--- MATERIAL FOR THIS EXERCISE ---
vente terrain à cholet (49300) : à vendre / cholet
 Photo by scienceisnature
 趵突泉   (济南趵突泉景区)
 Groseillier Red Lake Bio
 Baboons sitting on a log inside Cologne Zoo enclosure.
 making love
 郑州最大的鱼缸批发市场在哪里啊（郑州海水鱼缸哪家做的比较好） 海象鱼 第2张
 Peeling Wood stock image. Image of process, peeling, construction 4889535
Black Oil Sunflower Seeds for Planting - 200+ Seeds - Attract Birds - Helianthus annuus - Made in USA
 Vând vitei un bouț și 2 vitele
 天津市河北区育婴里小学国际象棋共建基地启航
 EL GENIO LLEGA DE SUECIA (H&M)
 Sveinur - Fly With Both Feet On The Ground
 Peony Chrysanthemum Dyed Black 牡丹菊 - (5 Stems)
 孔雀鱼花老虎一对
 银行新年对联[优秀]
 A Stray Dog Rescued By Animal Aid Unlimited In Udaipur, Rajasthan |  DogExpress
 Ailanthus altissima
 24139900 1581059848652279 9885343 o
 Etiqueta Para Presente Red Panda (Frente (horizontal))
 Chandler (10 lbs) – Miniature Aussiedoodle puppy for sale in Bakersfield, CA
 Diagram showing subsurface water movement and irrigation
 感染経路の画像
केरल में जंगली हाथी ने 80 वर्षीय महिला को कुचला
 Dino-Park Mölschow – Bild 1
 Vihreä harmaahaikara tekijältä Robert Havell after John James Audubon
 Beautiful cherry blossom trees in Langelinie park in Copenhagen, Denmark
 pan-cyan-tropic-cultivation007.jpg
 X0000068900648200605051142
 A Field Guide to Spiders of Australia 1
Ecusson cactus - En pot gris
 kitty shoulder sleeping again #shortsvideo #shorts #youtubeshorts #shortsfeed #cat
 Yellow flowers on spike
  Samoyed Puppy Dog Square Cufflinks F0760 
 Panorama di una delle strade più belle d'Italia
---
An exact copy of every record is needed; write it out in full.

vente terrain à cholet (49300) : à vendre / cholet
 Photo by scienceisnature
 趵突泉   (济南趵突泉景区)
 Groseillier Red Lake Bio
 Baboons sitting on a log inside Cologne Zoo enclosure.
 making love
 郑州最大的鱼缸批发市场在哪里啊（郑州海水鱼缸哪家做的比较好） 海象鱼 第2张
 Peeling Wood stock image. Image of process, peeling, construction 4889535
Black Oil Sunflower Seeds for Planting - 200+ Seeds - Attract Birds - Helianthus annuus - Made in USA
 Vând vitei un bouț și 2 vitele
 天津市河北区育婴里小学国际象棋共建基地启航
 EL GENIO LLEGA DE SUECIA (H&M)
 Sveinur - Fly With Both Feet On The Ground
 Peony Chrysanthemum Dyed Black 牡丹菊 - (5 Stems)
 孔雀鱼花老虎一对
 银行新年对联[优秀]
 A Stray Dog Rescued By Animal Aid Unlimited In Udaipur, Rajasthan |  DogExpress
 Ailanthus altissima
 24139900 1581059848652279 9885343 o
 Etiqueta Para Presente Red Panda (Frente (horizontal))
 Chandler (10 lbs) – Miniature Aussiedoodle puppy for sale in Bakersfield, CA
 Diagram showing subsurface water movement and irrigation
 感染経路の画像
केरल में जंगली हाथी ने 80 वर्षीय महिला को कुचला
 Dino-Park Mölschow – Bild 1
 Vihreä harmaahaikara tekijältä Robert Havell after John James Audubon
 Beautiful cherry blossom trees in Langelinie park in Copenhagen, Denmark
 pan-cyan-tropic-cultivation007.jpg
 X0000068900648200605051142
 A Field Guide to Spiders of Australia 1
Ecusson cactus - En pot gris
 kitty shoulder sleeping again #shortsvideo #shorts #youtubeshorts #shortsfeed #cat
 Yellow flowers on spike
  Samoyed Puppy Dog Square Cufflinks F0760 
 Panorama di una delle strade più belle d'Italia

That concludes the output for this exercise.